◆ Work instructions ◆
Copy nothing before the line that contains "Aqua - Handmade Pastel Glass Side Bowl"; from there, transcribe each line exactly through the end of the material, omitting pictures.

◆ Supplied records ◆
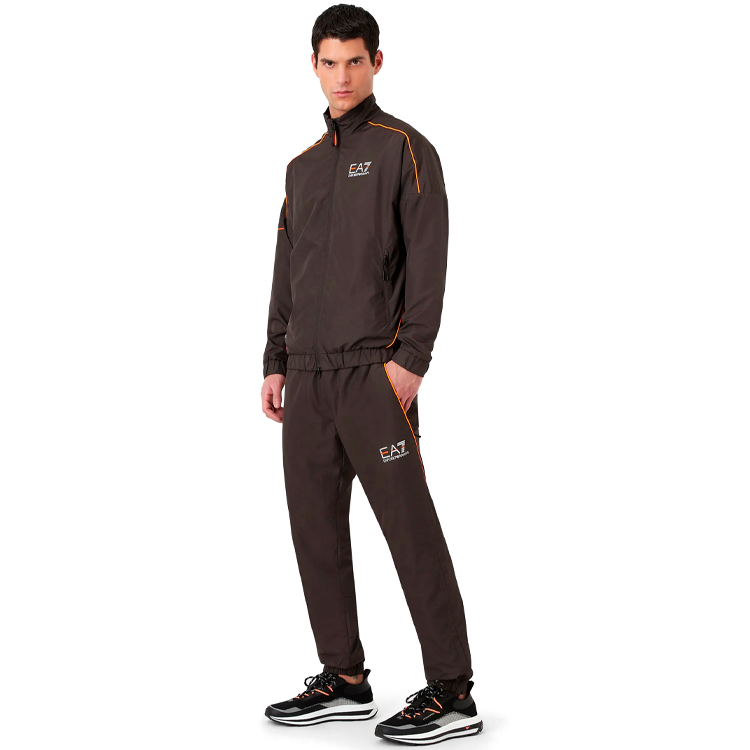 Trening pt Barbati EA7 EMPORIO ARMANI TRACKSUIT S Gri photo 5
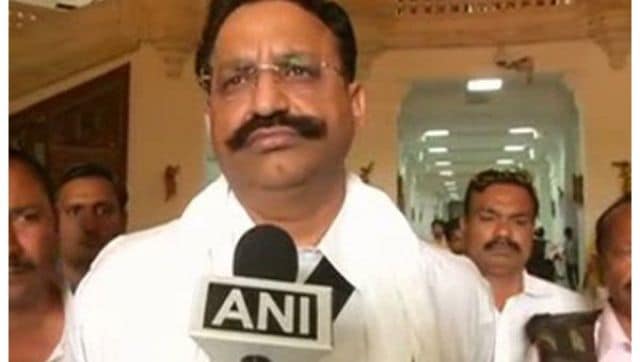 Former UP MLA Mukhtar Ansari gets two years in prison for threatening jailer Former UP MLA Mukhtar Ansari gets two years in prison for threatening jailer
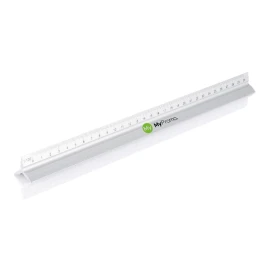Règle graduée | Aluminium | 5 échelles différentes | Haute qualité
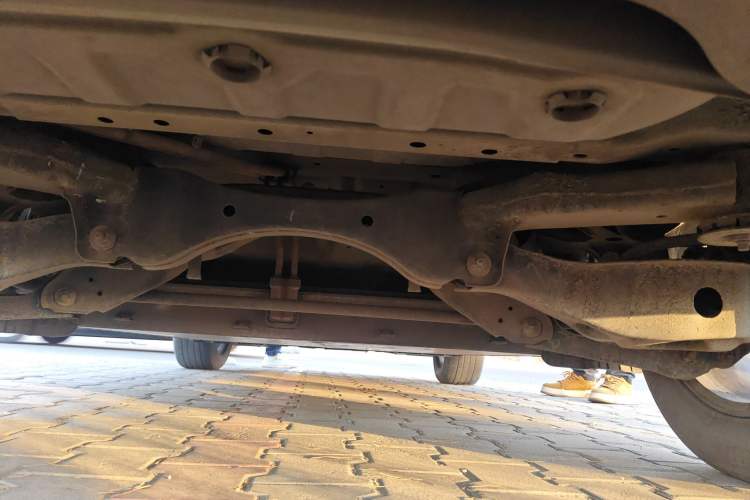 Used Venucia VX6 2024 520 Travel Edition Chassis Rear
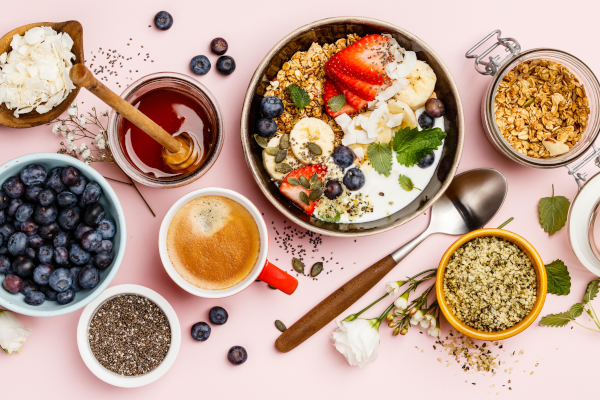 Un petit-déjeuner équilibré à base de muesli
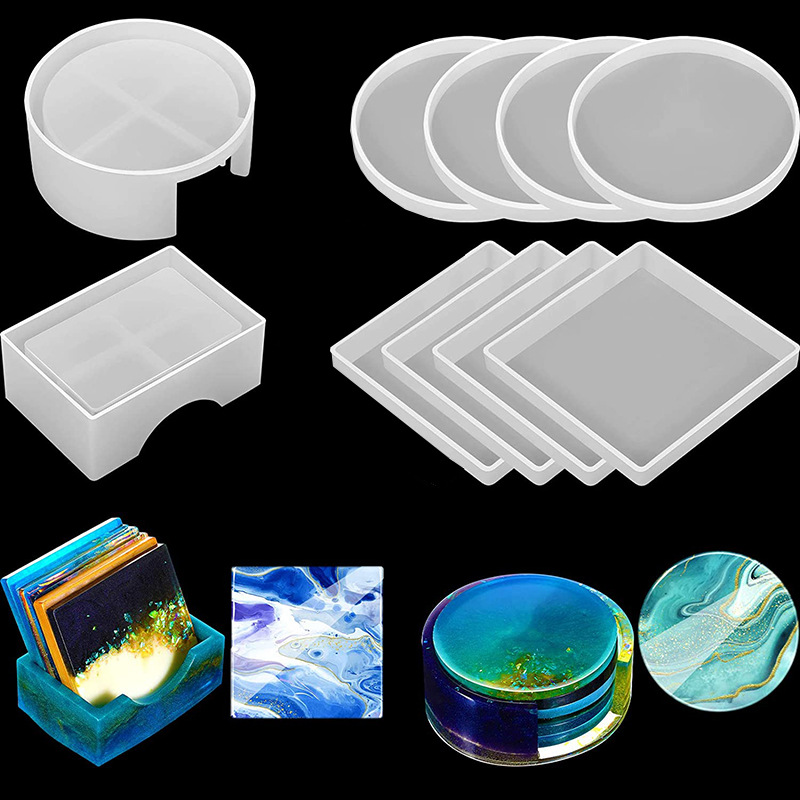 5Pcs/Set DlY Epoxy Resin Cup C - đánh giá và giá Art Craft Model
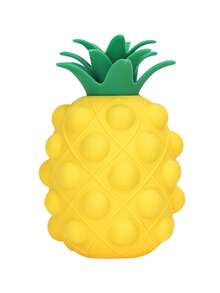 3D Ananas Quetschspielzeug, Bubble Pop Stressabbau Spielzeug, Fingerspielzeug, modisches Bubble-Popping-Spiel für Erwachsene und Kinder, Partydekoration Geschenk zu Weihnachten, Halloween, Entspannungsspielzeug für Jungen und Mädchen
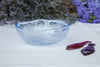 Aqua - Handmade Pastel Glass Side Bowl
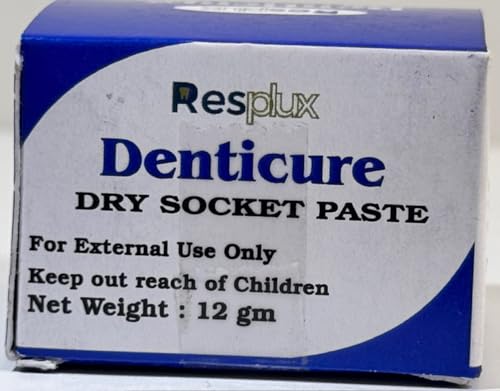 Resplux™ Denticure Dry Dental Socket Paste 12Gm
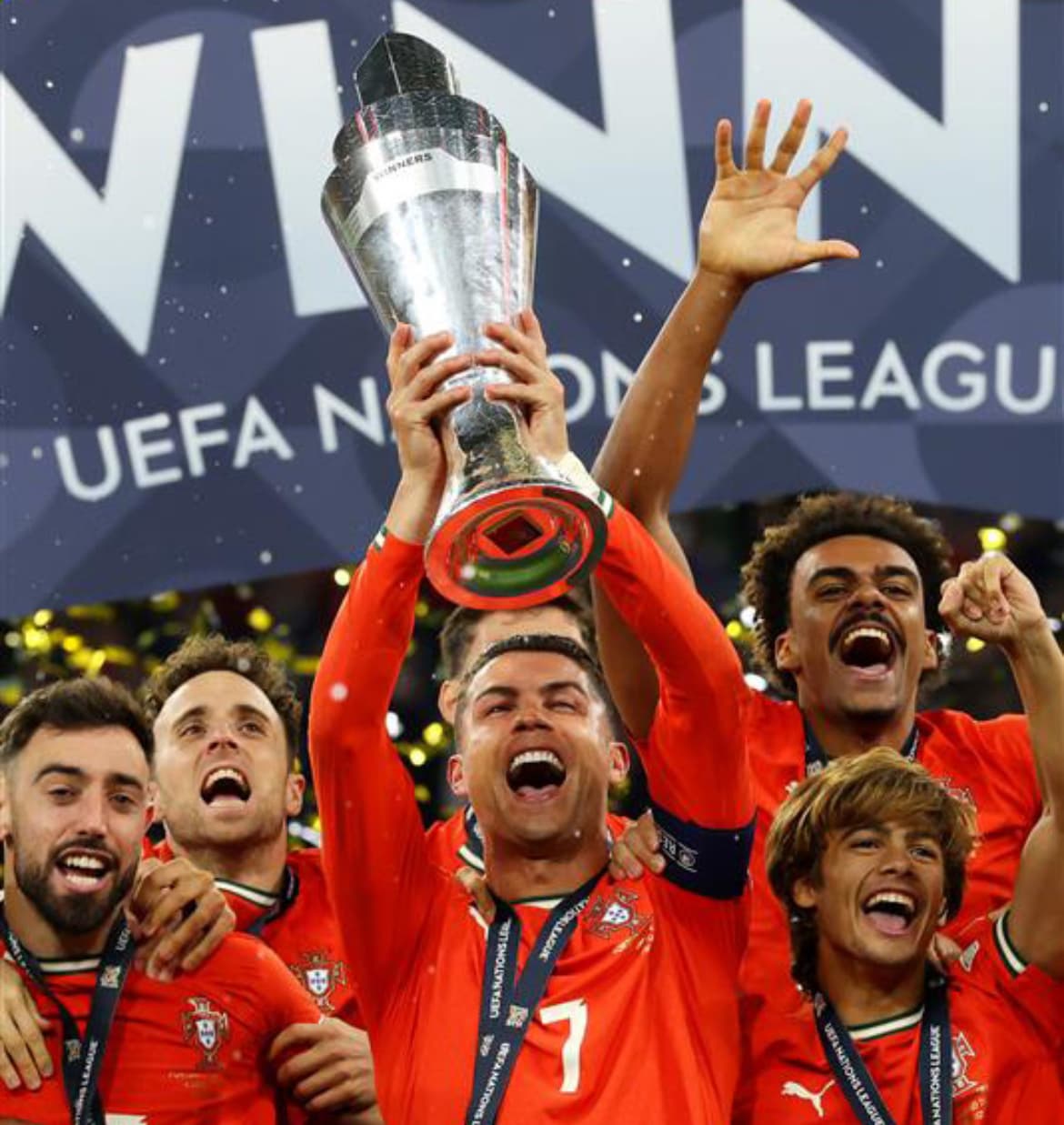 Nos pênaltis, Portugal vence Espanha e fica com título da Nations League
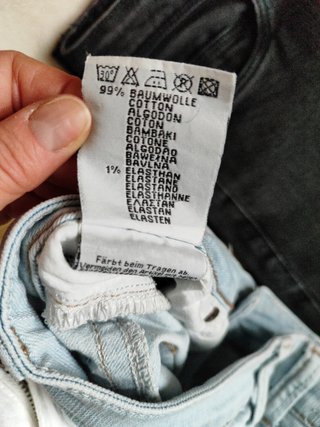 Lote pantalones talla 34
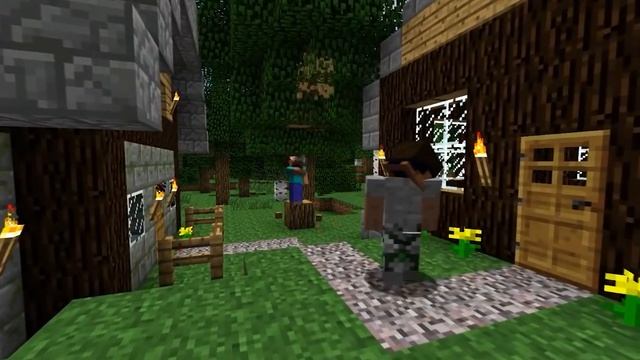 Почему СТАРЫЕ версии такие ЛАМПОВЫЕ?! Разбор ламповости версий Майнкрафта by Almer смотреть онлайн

◆ Solution for this problem ◆
 Aqua - Handmade Pastel Glass Side Bowl
 Resplux™ Denticure Dry Dental Socket Paste 12Gm
 Nos pênaltis, Portugal vence Espanha e fica com título da Nations League
 Lote pantalones talla 34
 Почему СТАРЫЕ версии такие ЛАМПОВЫЕ?! Разбор ламповости версий Майнкрафта by Almer смотреть онлайн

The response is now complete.